START EXCERPTED DATA

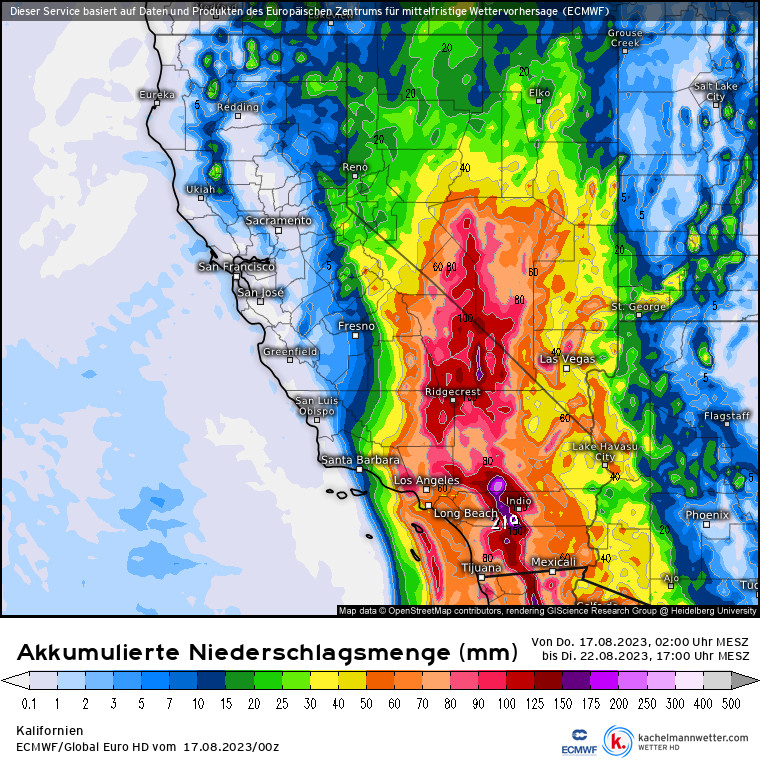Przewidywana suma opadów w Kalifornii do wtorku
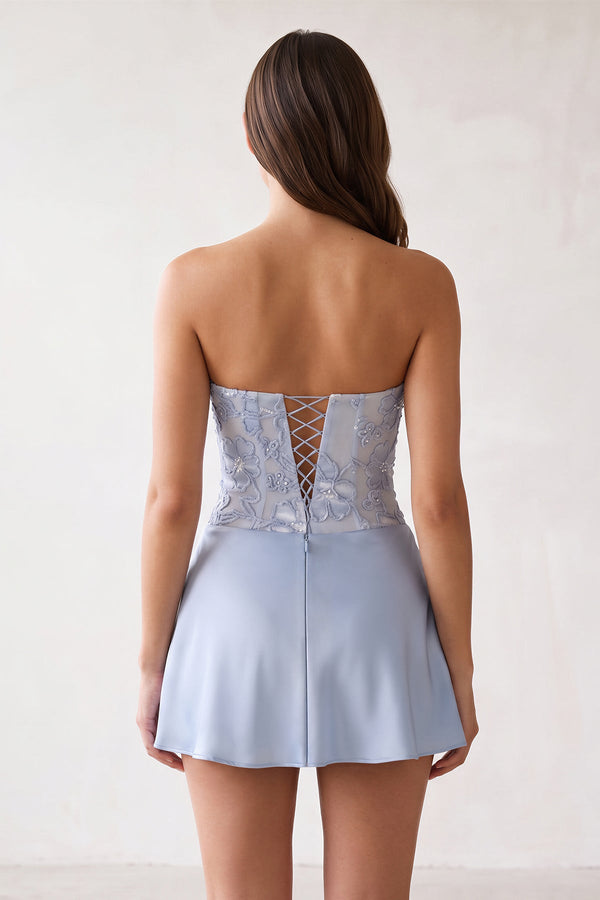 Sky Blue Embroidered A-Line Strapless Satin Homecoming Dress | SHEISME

END EXCERPTED DATA
START EXCERPTED DATA

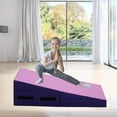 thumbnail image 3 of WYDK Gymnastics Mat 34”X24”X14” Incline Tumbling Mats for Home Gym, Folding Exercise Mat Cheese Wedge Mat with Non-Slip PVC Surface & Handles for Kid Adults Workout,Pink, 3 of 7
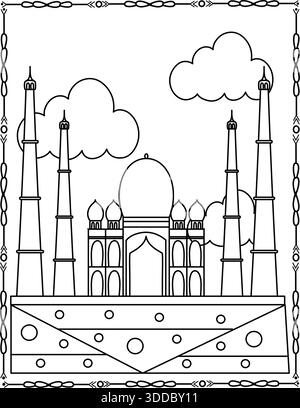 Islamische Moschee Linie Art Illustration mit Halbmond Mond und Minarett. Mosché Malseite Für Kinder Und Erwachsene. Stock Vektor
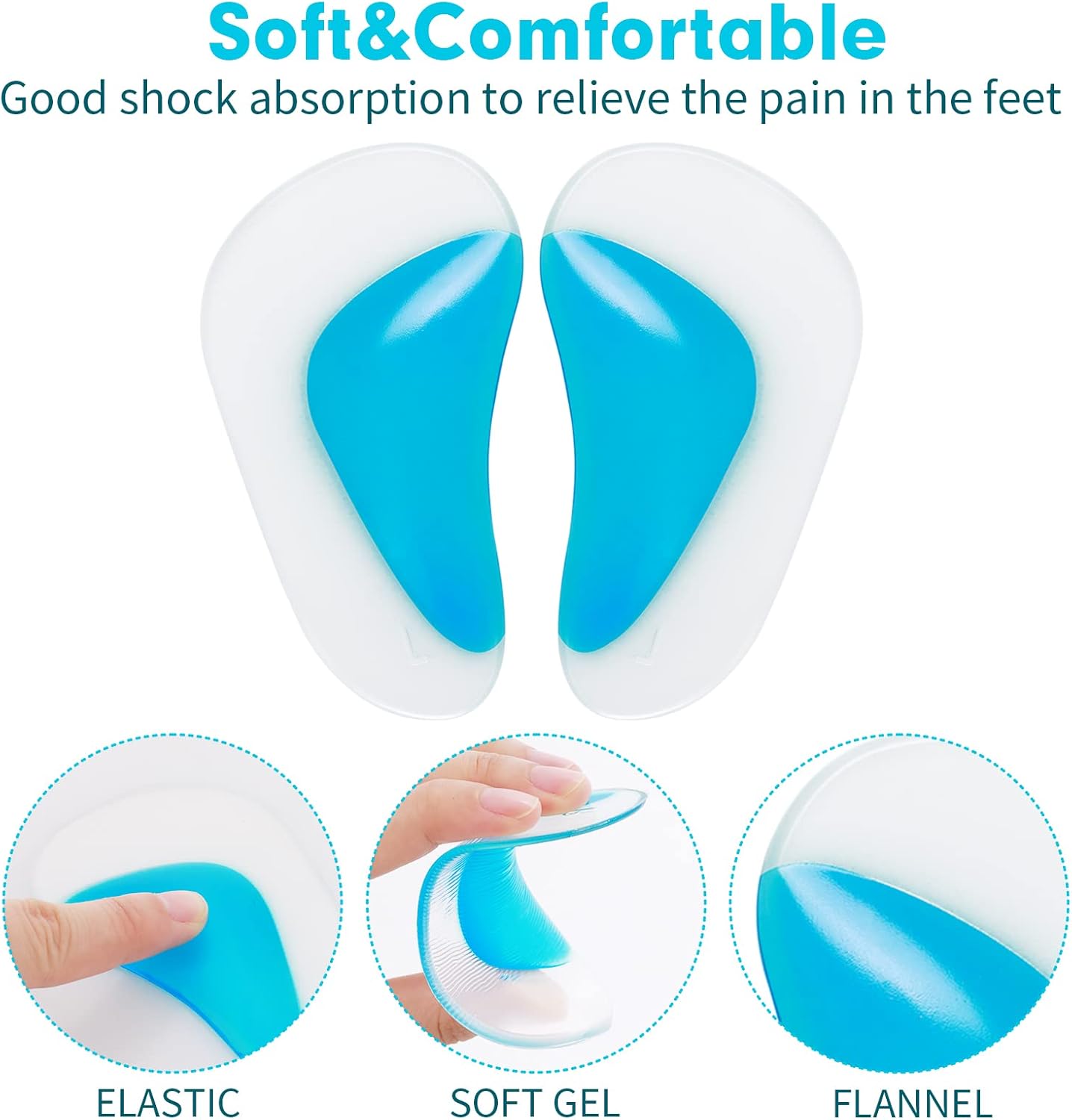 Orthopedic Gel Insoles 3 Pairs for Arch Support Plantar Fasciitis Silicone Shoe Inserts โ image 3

END EXCERPTED DATA
START EXCERPTED DATA

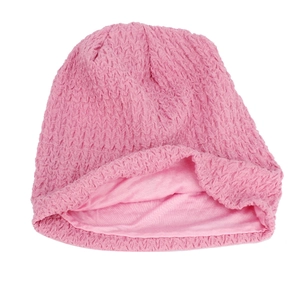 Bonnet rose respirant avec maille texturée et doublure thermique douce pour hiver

END EXCERPTED DATA

▶ TRY IT
An exact transcription is needed of the lines from the one with "Przewidywana suma opadów" to the one with "Sky Blue Embroidered" above, both ends included, with pictures left out.

▶ ANSWER SECTION
Przewidywana suma opadów w Kalifornii do wtorku
 Sky Blue Embroidered A-Line Strapless Satin Homecoming Dress | SHEISME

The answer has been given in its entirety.